* [Work to be completed]: Down to the last line, retype each line of the entries exactly, starting with the one that contains "LA VIE EN ROSE".

* [Data for this exercise]:
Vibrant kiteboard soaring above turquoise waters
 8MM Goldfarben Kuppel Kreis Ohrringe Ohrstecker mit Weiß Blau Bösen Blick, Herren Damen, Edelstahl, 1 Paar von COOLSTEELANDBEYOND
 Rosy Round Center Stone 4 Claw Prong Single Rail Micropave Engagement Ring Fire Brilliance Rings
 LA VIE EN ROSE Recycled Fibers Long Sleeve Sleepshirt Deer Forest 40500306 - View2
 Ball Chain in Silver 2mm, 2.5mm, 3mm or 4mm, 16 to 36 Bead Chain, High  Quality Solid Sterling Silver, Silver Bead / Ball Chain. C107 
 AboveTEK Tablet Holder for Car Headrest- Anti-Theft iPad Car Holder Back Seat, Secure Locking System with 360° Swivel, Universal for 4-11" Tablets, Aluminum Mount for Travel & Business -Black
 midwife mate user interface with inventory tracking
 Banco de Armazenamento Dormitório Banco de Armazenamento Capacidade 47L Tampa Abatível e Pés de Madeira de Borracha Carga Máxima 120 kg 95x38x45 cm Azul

* [Result of this task]:
 LA VIE EN ROSE Recycled Fibers Long Sleeve Sleepshirt Deer Forest 40500306 - View2
 Ball Chain in Silver 2mm, 2.5mm, 3mm or 4mm, 16 to 36 Bead Chain, High  Quality Solid Sterling Silver, Silver Bead / Ball Chain. C107 
 AboveTEK Tablet Holder for Car Headrest- Anti-Theft iPad Car Holder Back Seat, Secure Locking System with 360° Swivel, Universal for 4-11" Tablets, Aluminum Mount for Travel & Business -Black
 midwife mate user interface with inventory tracking
 Banco de Armazenamento Dormitório Banco de Armazenamento Capacidade 47L Tampa Abatível e Pés de Madeira de Borracha Carga Máxima 120 kg 95x38x45 cm Azul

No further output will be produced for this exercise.